The INFJ doorslam has been widely discussed and accepted within the MBTI community. However, this phenomenon is not exclusive to INFJs – any type with extroverted feeling in the dominant or auxiliary position is likely to employ this technique. Once extroverted feeling has given tirelessly to someone for long enough, it is likely to make the snap decision to cut that person out for good if they are not appreciative of the Fe user’s investment.
Which raises the question – which techniques do Fi users (INFPs, ISFPs, ENFPs and ESFPs) employ that justifies their own hot-and-cold relationship behaviors? These types are more interested in forming an intimate emotional connection than they are in giving to their partners in a concrete way. But many an Fi user has also been known to cut someone out of their lives without warning. And there’s a reason for this.
One that can be explained through the 5 stages of the “Fi Repulsion Switch.”
Here’s the breakdown of how it happens.
Stage 1: Meeting and Idealizing
Fi users are known for their tendency to idealize others. When an INFP, ENFP, ISFP or ESFP first meets and takes kindly to a new person, they are highly likely to put him or her on a pedestal – regarding only their best qualities and even inventing and embellishing on the person’s positive traits internally. These types are prone to experiencing intense periods of infatuation (platonic or romantic in nature) with new people, and for a while, the Fi-user is likely to perceive their new friend or love interest as almost perfect.
Stage 2: Repressed frustrations and justifications
As the Fi-user gets to know the new person better, they are bound to become frustrated with them in small ways. Rather than reconciling these frustrations and learning to see both the good and the bad in their new interest, the Fi-user is likely to idealize even their flaws. They may chalk a love interest’s jealous tendencies up to them caring a lot about the relationship, or turn a blind eye to the person’s day-to-day habits that secretly drive them crazy.

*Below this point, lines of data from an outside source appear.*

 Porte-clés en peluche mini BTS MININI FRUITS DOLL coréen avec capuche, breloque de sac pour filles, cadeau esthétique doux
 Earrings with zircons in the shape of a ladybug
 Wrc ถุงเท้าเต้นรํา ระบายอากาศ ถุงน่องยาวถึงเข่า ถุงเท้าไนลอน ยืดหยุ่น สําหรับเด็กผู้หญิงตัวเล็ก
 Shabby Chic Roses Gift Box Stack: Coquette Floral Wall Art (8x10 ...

During the justification phase, the Fi-user is subconsciously struggling to maintain their idealized version of the person they’re involved with, while consciously facing the reality of who they are. Naturally, a great deal of internal emotional tension begins to develop within the Fi-user during this phase. They may find themselves having to go to further and further lengths to maintain their perception of the other person as virtually flawless.
Stage 3: A Random Incident Flips The Repulsion Switch
It could be an isolated case of bad breath. An embarrassing social interaction. Or a simple story being told for the umpteenth time. But once the Fi-user has been internally repressing frustration for long enough, even the simplest interaction can cause the repulsion switch to flip without warning. And once it does, all the frustrations that the Fi-user has been repressing come pouring through their mind at once.

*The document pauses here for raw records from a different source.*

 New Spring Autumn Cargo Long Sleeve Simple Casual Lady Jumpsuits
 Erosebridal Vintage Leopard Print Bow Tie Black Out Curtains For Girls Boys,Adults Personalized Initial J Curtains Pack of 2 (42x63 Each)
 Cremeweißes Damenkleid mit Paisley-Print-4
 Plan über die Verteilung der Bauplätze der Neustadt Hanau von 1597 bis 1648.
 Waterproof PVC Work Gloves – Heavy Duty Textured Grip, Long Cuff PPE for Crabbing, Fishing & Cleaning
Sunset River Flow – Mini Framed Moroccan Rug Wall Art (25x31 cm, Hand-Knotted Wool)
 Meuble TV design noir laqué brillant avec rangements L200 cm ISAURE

Stage 4: Being repulsed by EVERYTHING
Once the repulsion switch is flipped, the Fi-user is suddenly frustrated, annoyed, even repulsed by virtually everything the opposing party does. They may suddenly cringe at the way the other person walks, talks, makes decisions and generally behaves. At this phase, it often feels as though the other person cannot even breath in a non-repulsive manner. The Fi-user can shift – seemingly in an instant – from finding everything the other person does to be wonderful, to finding everything they do to be almost unbearably annoying. They will likely find it difficult to even be in the opposing party’s presence during this phase.

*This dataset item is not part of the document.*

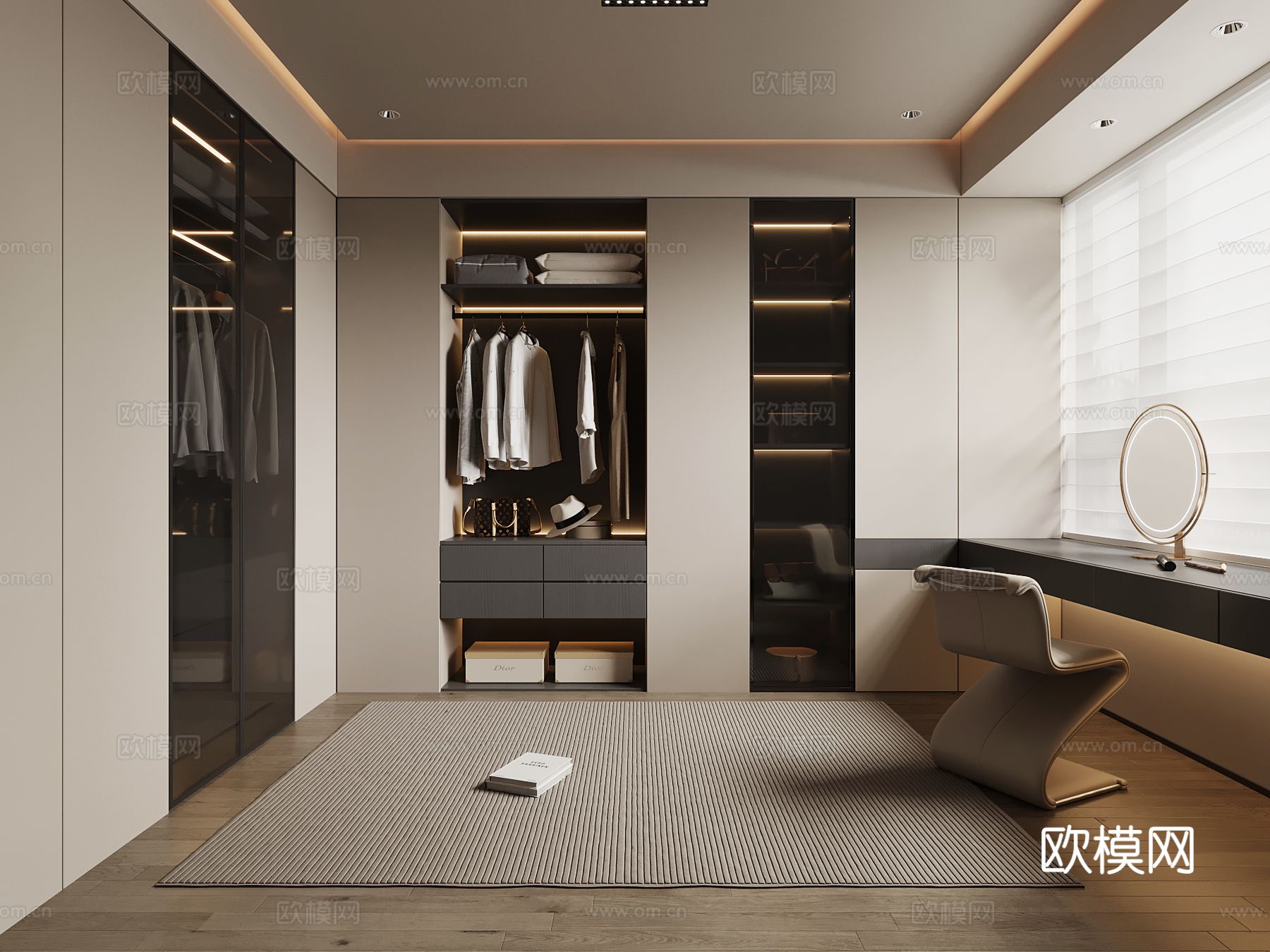 现代意式衣帽间 衣柜 梳妆台3d模型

Stage 5: Reconciliation or deterioration
Once the repulsion switch is flipped in the Fi-user, it can be difficult to reconcile the relationship. Many romantic relationships deteriorate at this phase, as the Fi-user suddenly finds that they are no longer attracted to their partner.
On the flip side, the Fi user may take some time away from the relationship to process their frustrations, then return to it with a more realistic view of their partner. The flipping of the repulsion switch may actually benefit the relationship in the long run, as it causes the Fi-user to stop idealizing their friend or partner, and face the reality of who they are.
Of course, the repulsion switch does not get flipped in every relationship an Fi-user has. It generally occurs when the Fi-user is trying to justify a shortcoming in the relationship, which would ultimately cause it to deteriorate whether the repulsion switch were flipped or not. In many ways, this switch is just waking the Fi-user up to reality – in a rude and unfortunately abrupt fashion.